_Task item_. If a line in the records below contains the word "celebrating", copy it.

_Records for this exercise_.
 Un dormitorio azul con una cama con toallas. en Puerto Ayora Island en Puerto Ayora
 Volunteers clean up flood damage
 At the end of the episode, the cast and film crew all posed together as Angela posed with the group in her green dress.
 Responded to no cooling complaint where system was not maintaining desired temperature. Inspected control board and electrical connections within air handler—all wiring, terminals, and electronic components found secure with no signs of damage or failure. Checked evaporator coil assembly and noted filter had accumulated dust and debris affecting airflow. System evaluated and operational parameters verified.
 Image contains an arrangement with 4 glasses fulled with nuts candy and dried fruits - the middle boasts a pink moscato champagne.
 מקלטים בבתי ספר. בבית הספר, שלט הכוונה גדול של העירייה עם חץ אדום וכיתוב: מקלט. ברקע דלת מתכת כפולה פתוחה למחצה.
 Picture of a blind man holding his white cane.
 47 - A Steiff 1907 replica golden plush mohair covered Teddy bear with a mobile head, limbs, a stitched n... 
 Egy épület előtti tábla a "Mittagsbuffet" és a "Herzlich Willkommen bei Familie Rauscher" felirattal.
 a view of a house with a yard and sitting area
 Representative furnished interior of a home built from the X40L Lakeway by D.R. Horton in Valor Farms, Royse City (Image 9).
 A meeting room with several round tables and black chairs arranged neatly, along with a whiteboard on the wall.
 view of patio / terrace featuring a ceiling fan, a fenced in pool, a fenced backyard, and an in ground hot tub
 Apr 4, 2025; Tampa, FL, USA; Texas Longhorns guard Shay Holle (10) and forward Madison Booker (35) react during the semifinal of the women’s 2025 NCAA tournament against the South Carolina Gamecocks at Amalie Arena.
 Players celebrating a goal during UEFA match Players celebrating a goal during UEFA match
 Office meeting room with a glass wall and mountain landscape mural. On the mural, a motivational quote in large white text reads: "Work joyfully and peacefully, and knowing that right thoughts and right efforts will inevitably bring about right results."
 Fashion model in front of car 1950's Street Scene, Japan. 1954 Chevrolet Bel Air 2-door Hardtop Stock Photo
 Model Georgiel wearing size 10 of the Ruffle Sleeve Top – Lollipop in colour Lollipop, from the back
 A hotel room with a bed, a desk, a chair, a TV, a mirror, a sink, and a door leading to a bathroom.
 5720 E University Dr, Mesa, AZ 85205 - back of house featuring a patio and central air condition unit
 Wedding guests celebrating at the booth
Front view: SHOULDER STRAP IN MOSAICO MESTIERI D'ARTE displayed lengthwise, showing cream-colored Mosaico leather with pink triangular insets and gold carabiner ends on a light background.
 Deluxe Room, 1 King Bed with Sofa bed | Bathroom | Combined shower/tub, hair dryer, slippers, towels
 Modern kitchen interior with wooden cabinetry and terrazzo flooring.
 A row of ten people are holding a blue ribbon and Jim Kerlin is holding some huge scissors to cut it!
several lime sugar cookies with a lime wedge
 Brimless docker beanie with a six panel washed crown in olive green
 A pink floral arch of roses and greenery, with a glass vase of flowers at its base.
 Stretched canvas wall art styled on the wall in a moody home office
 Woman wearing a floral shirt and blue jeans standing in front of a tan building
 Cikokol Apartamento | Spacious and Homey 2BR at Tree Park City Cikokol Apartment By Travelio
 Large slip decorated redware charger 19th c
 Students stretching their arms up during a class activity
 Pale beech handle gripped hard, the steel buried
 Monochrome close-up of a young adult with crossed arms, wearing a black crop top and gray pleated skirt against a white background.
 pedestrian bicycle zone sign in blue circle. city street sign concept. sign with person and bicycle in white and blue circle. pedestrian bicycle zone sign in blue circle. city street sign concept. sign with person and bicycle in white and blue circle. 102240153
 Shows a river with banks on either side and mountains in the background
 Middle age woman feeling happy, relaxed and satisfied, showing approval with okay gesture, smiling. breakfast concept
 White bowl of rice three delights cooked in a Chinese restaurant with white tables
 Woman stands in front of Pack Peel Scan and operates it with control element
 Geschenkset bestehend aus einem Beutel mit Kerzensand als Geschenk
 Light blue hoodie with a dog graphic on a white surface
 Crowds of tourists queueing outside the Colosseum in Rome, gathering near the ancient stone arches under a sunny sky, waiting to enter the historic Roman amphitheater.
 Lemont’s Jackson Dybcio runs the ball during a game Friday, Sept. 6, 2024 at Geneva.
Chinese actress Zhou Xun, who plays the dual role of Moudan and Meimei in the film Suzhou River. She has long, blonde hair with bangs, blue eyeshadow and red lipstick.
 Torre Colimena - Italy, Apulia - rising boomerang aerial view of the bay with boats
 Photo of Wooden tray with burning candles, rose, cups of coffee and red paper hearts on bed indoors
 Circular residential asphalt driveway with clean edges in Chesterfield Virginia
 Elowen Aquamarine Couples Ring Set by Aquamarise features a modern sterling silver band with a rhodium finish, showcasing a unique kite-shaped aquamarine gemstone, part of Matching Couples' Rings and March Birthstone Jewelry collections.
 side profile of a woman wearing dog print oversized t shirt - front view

_Response area_.
 Players celebrating a goal during UEFA match Players celebrating a goal during UEFA match
 Wedding guests celebrating at the booth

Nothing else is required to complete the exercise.